当我将img_url放入浏览器时,我可以得到图像。但是当我通过蜘蛛下载图像时,它会引发错误。

  File "C:\Python27\lib\site-packages\scrapy\http\request\__init__.py", line 57,
 in _set_url
    raise ValueError('Missing scheme in request url: %s' % self._url)
ValueError: Missing scheme in request url: h

蜘蛛.py

# -*- coding: utf-8 -*-

from scrapy.spiders import Spider
import scrapy
from scrapy.selector import Selector
from bs4 import BeautifulSoup
from deep_web2.items import DeepWeb2Item

import sys
reload(sys)
sys.setdefaultencoding('utf8')


class DeepSpider(Spider):
    name = "deepSpider"
    staer_urls=["http://hansamktkykr5yt4.onion/category/1/"]
    bash_url = "http://hansamktkykr5yt4.onion"
    headers = {
        "Host": "hansamktkykr5yt4.onion",
        "User-Agent": "Mozilla/5.0 (Windows NT 6.1; rv:31.0) Gecko/20100101 Firefox/31.0",
        "Accept": "text/html,application/xhtml+xml,application/xml;q=0.9,*/*;q=0.8",
        "Accept-language": "zh-cn,zh;q=0.8,en-us;q=0.5,en;q=0.3",
        "Connection": "keep-alive"
    }

    def start_requests(self):
        yield scrapy.Request(url="http://hansamktkykr5yt4.onion/category/1/",headers=self.headers,
                             callback=self.parse_item)

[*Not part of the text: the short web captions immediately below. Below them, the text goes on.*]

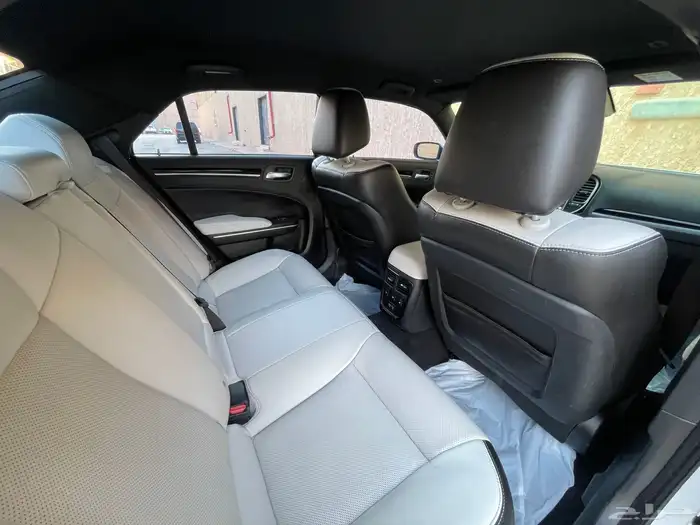 كرايزلر C300s موديل 2021 37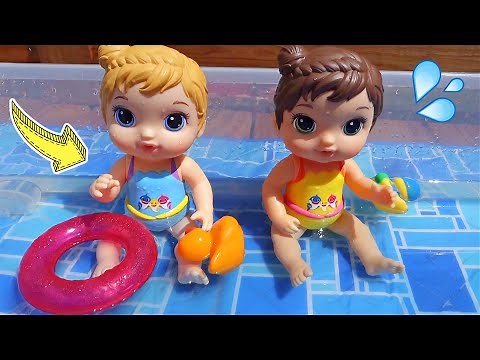 BABY ALIVE TWINS POOL DAY // Playing Dolls with Twin Babies | Mommy Etc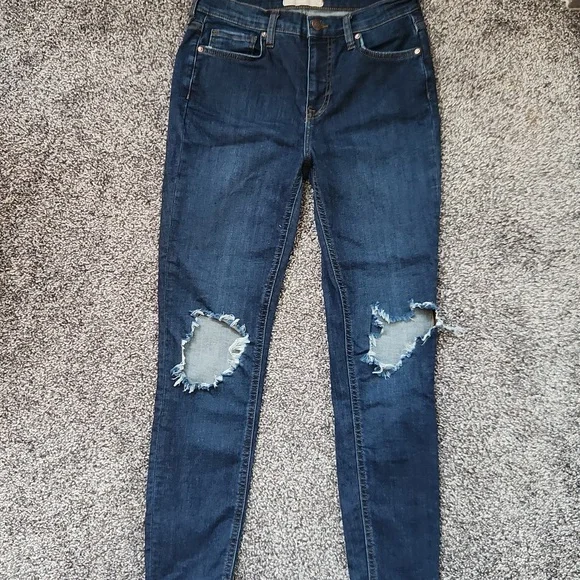 Free People Distressed Busted Knee Super Stretchy Skinny Jeans - Picture 6 of 6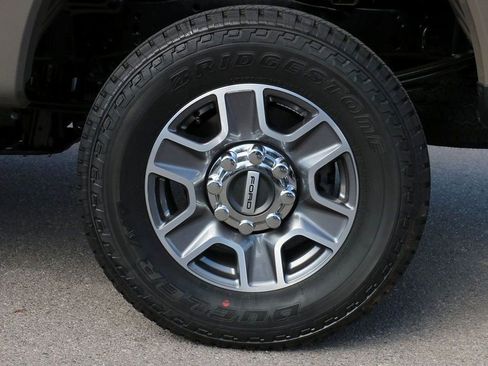 New 2026 Ford F250 Lariat w/ FX4 Off-Road Package AWD/4WD image 9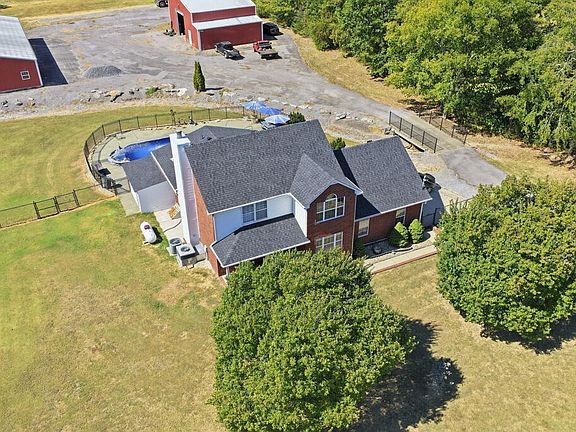 5th image of 4612 Midland Rd
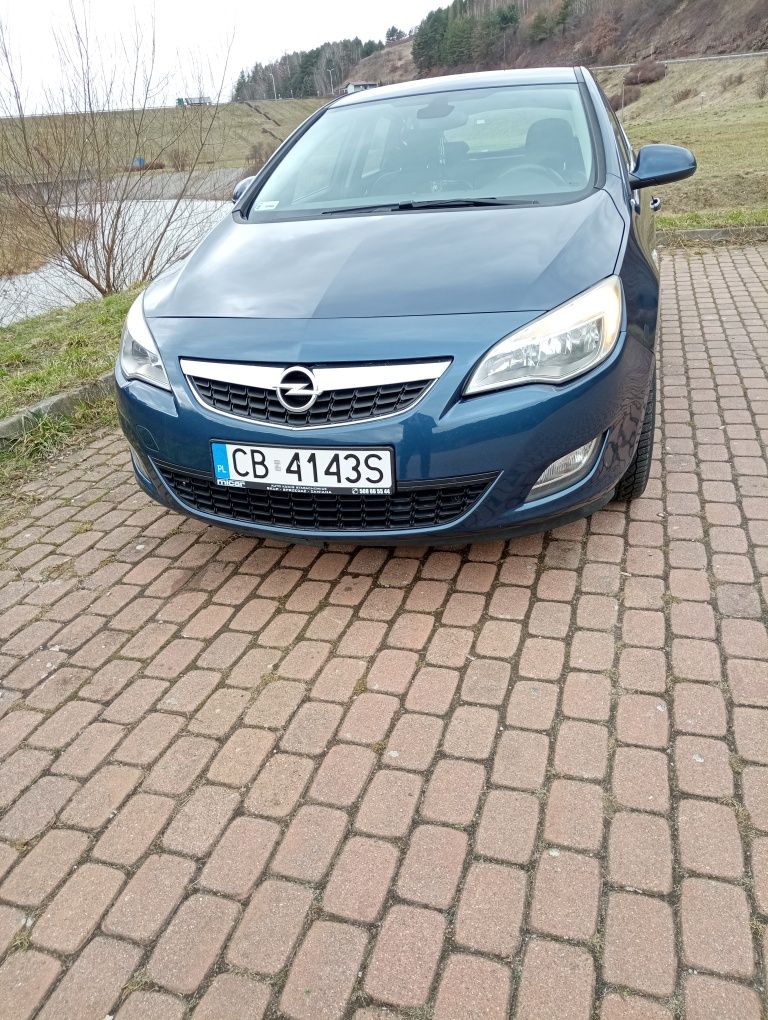 OPEL ASTRA J 1.7 CDTI 2010r.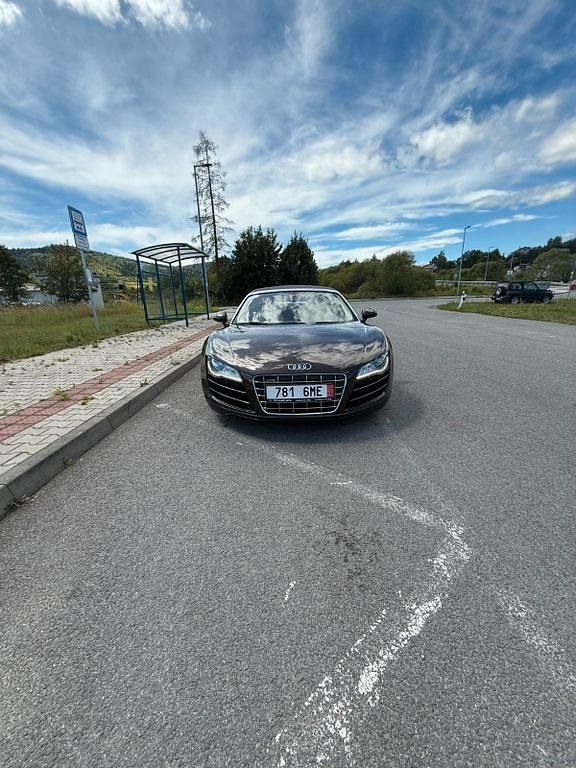 Braun Gebraucht 2012 Audi R8 Spyder Sport Cabrio | 66.666 € - Bild 1/4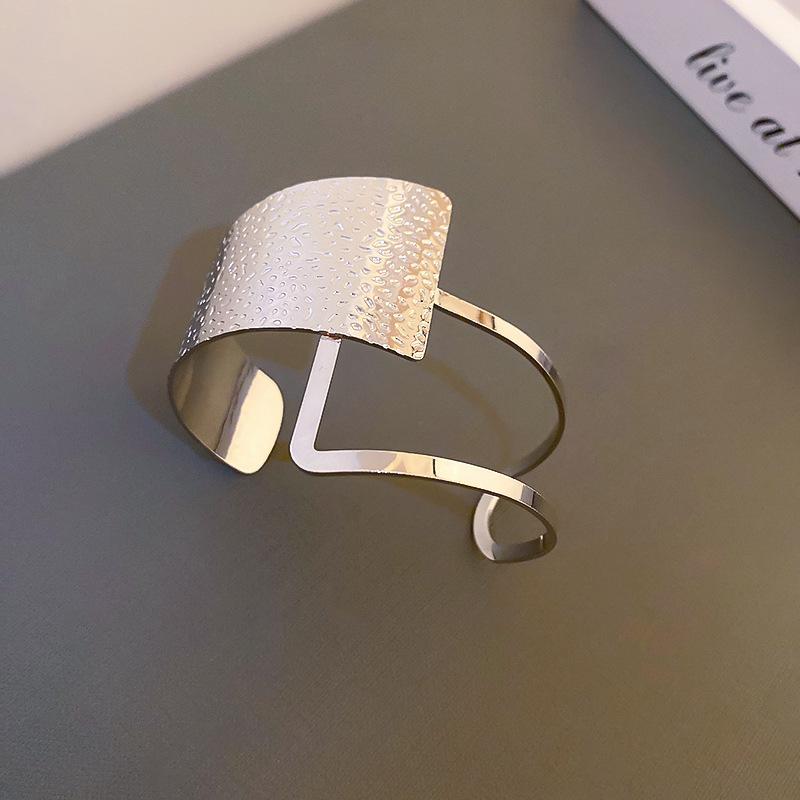 Minimalist Double-Layer Hollow Armlet: European & American Style, Exaggerated & Fashionable High-End Bracelet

    def parse_item(self, response):
        sel = Selector(response)

        html = sel.extract()
        html = html.encode('utf-8')

        soup = BeautifulSoup(html,"lxml")

        item_rows  = soup.find_all("div",class_="row row-item")
        for div in item_rows:
            title = div.find_all("div",class_="item-details")[0].find_all("a")[0].get_text()
            url = div.find_all("div",class_="item-details")[0].find_all("a")[0]['href']
            address = div.find_all("small",class_="text-muted-666")[0].get_text()
            price = div.find_all("div",class_="col-xs-3 text-right listing-price")[0].find_all("strong")[0].get_text()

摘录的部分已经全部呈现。